Additionally when we use different criterion loss functions, how can we choose one and use one of them and be sure about which one is the better than the other ?

Reducing training non-determinism and doing n-fold cross-validation is pretty reliable. But all such stuff is obviously slow…

If you switch a loss function, you postulate a different probability distribution family for predicted values. If that’s your intent, it is possible to compare model log-likelihoods (for non-deep compact models that would be AIC). Simpler approach is just comparing some auxiliary metrics.

As I understand AIC metric gives us which DL model is better at prediction relatively so I can use it on model selection thank you.

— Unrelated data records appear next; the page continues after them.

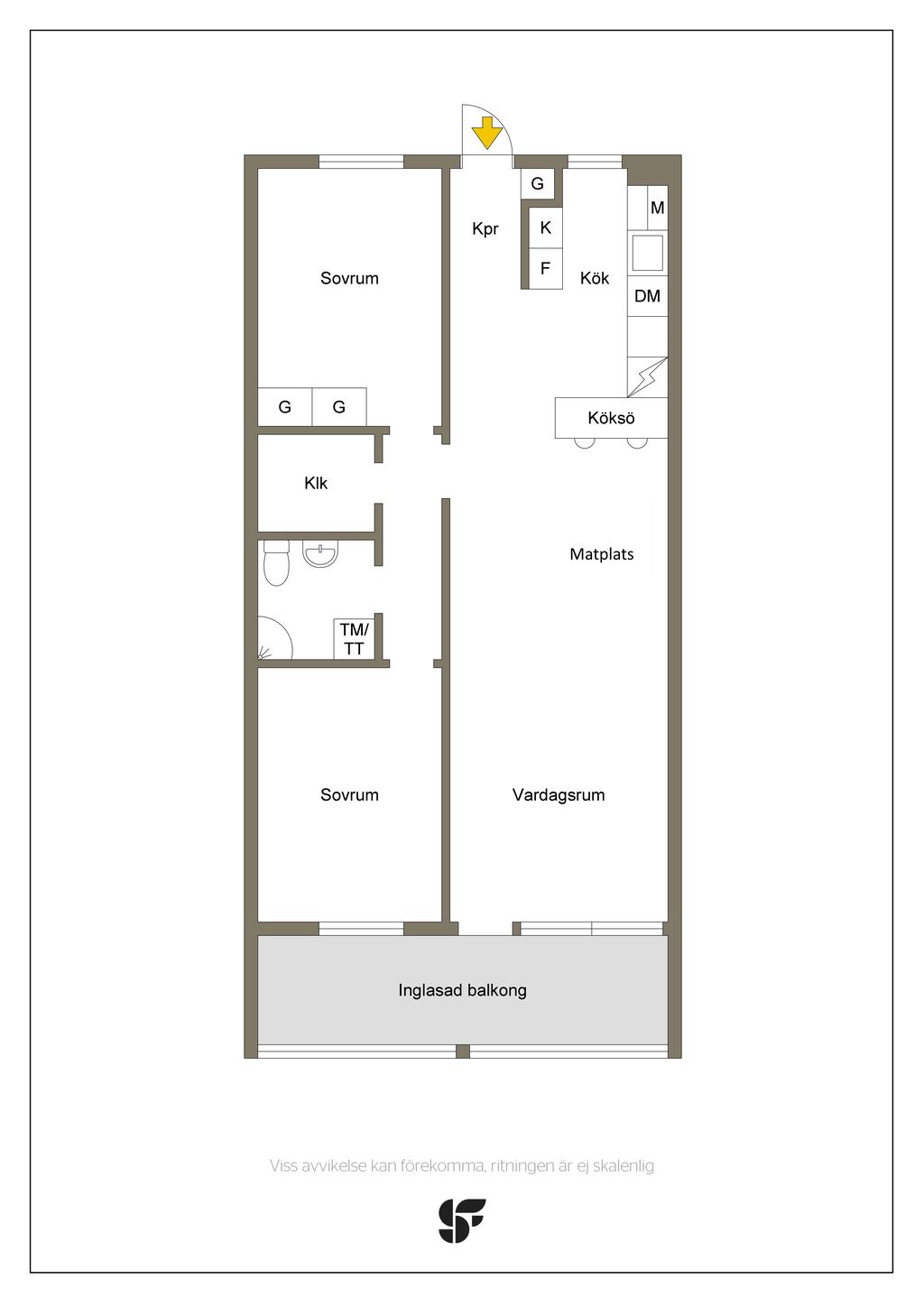 Planritning - Lomvägen 621
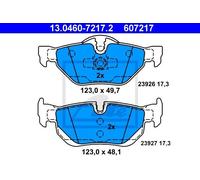 ATE 13.0460-7217.2 - Kit pastiglie freno asse posteriore 607217
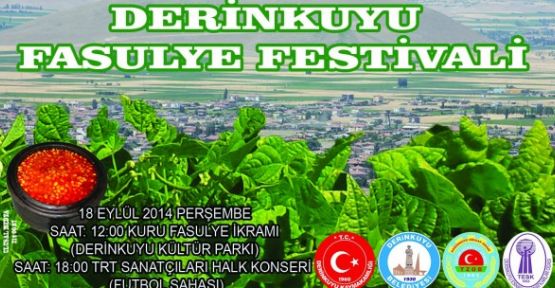 Derinkuyuda Fasulye Festivali yapılacak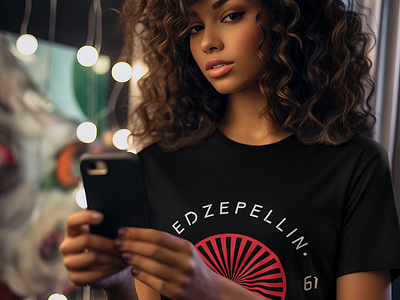 Led Zeppelin T-shirt Inspired design graphic design illustration inspired ledzepelling parody tshirt typography vector
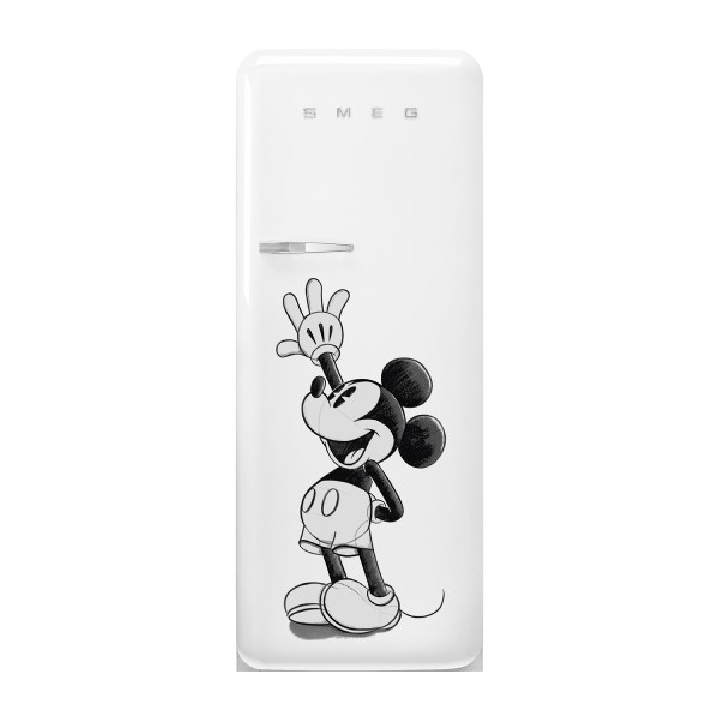 SMEG ตู้เย็น 270 L ดีไซน์ 50’s Style ลาย Mickey Mouse รุ่น FAB28RDMM5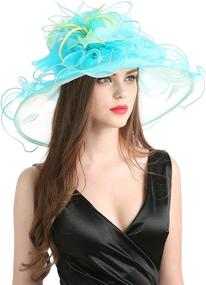 img 3 attached to 👒 Women's Special Occasion Organza Fascinator for Kentucky Wedding with Accessory Benefits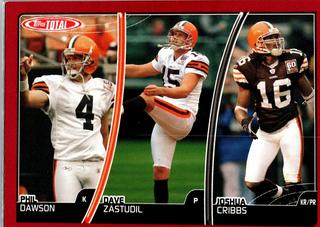 Josh Cribbs, Phil Dawson, Dave Zastudil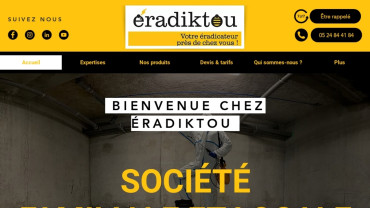 Page d'accueil du site : Éradiktou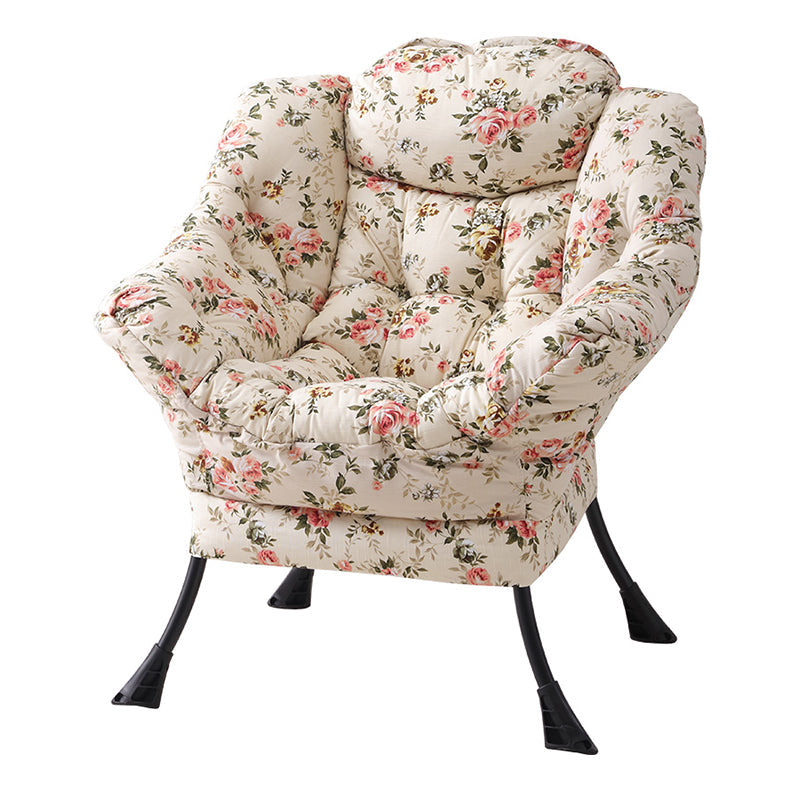 Faux Leather/Faux Fur Chair 31.4" L x 25.5" W x 35.4" H Arms Included Chair White-Red Without Ottoman Clearhalo 'Accent Chairs' 'accent_chairs' 'Chairs & Seating' 'furn' 'furn_accent_chairs' 'Furniture' 'furniture_accent_chairs' 'Living Room Furniture' 4994227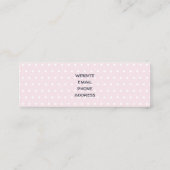 Cute Teddy Bear die een rood hart draagt Mini Visitekaartje (Achterkant)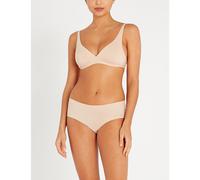 Hanro Womens Hanro Sensation Soft Cup Stretch-Cotton Bra 0274 Beige 34C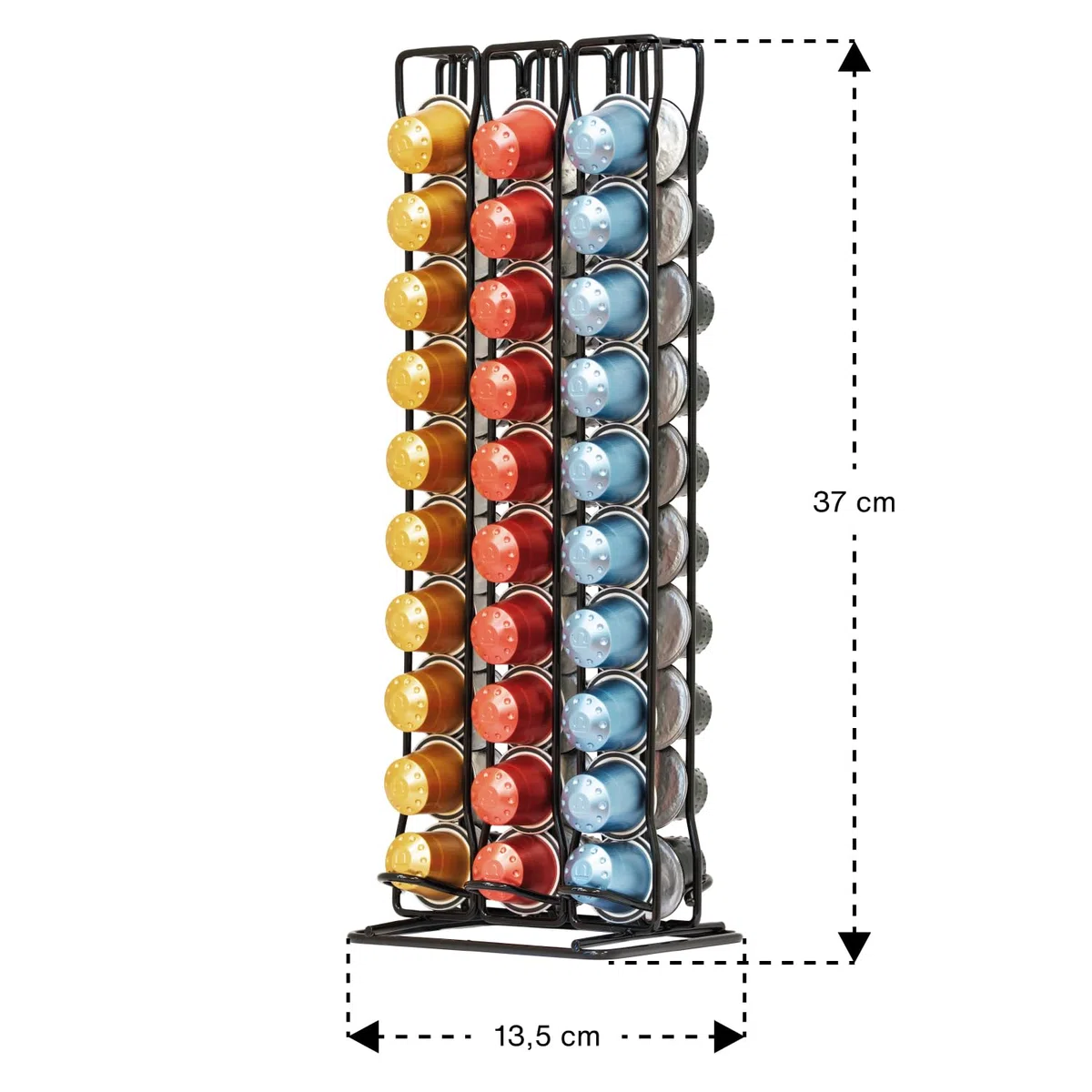 Italian Coffee Portacapsule Caffè Compatibili e Originali, adatto per Ufficio e Cucina (Nespresso Dante)
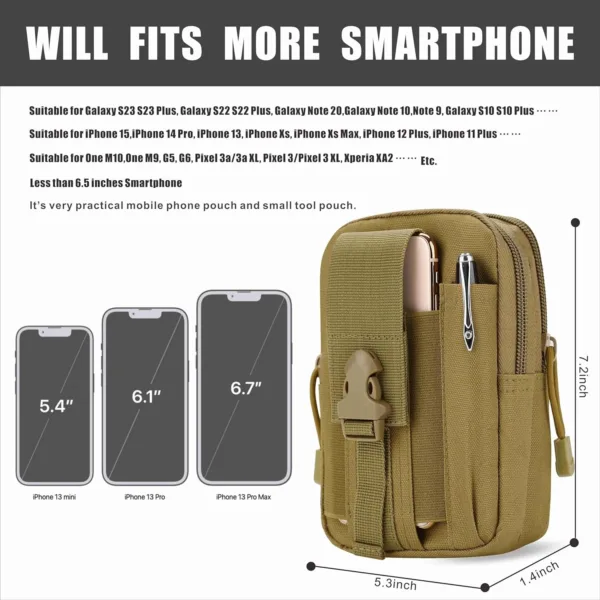 tactical molle pouch waist 6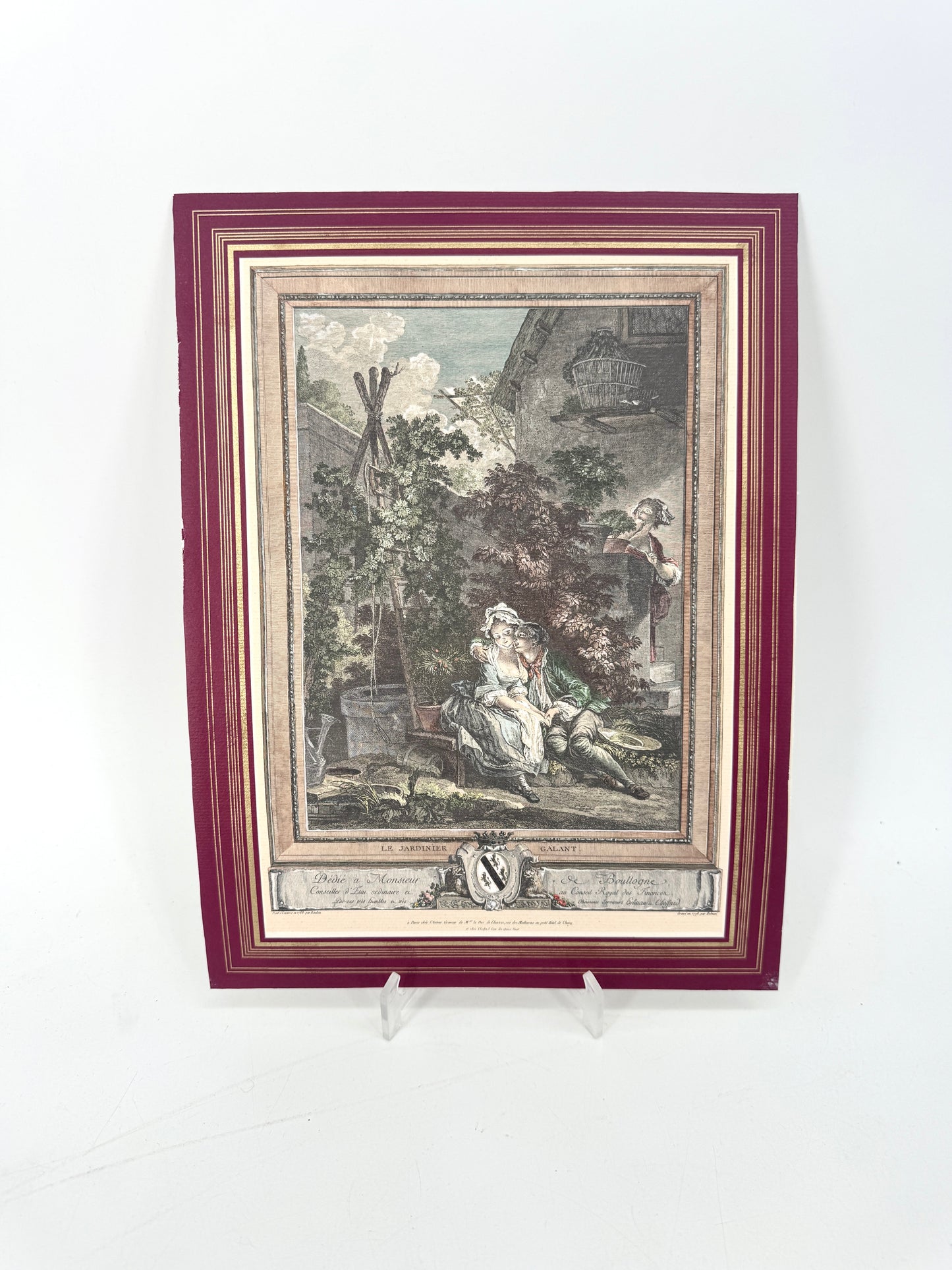 3x Kupferstiche Pierre Antoine Baudouin. Geliebte und Liebhaber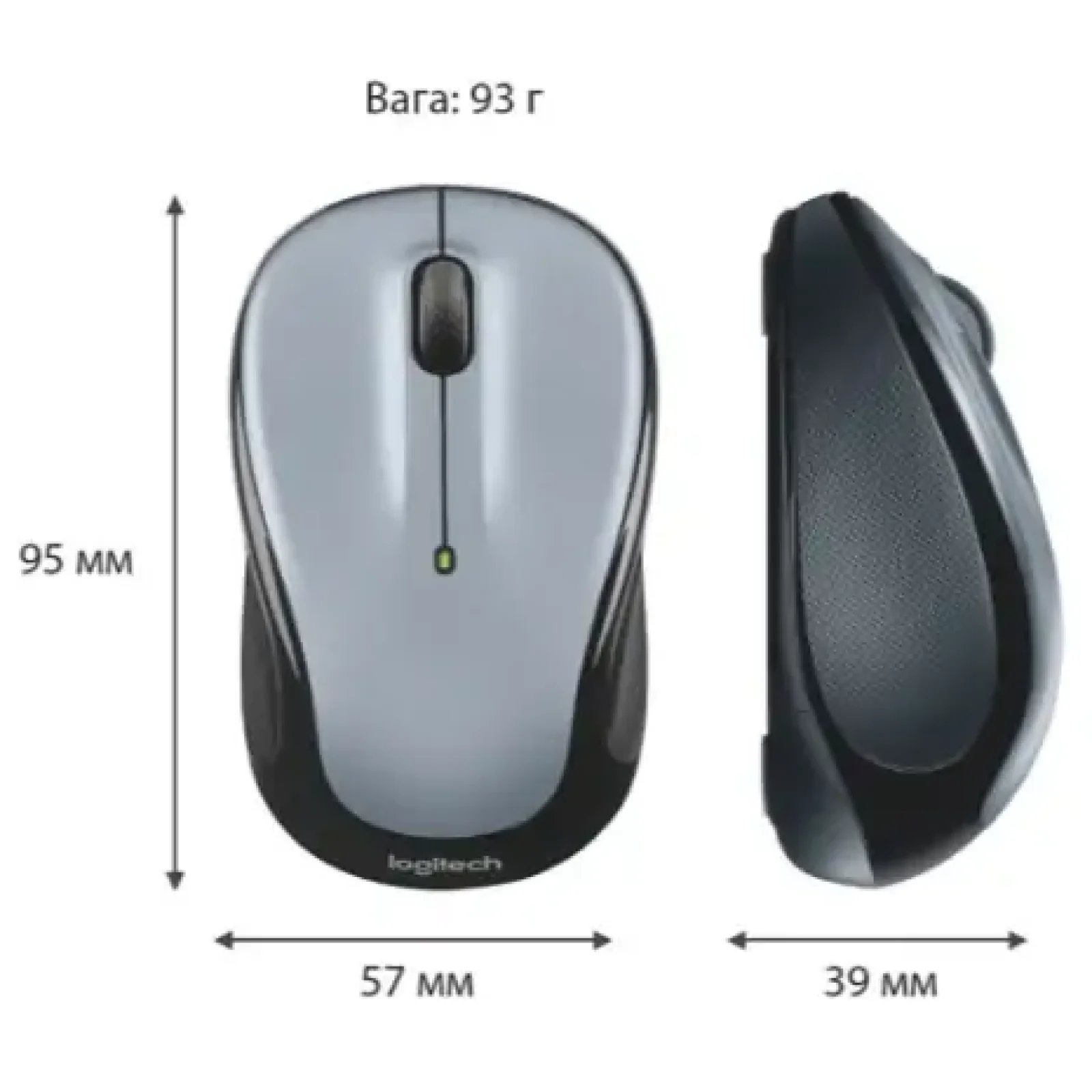Мышь LOGITECH M325s Wireless Light Silver (910-006813) UA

I think torch.set_deterministic() and torch.manuel_seed(0) are pretty useful for comparing how changes are affecting to the models. Is it a good way for DL model testing pipeline ?

Use of AIC’s num. of parameters term is questionable with overparametrized DL models. But likelihood part is comparable across models, yes.

Manual seed is good, as it has no computational side effects. Additional measures should be used with care, you could slow down stuff without achieving bit-wise reproducibility. IMO, it is more appropriate for continuous hyperparam optimization, to not confuse some search algorithms, discrete model/parameter choices can be more obvious.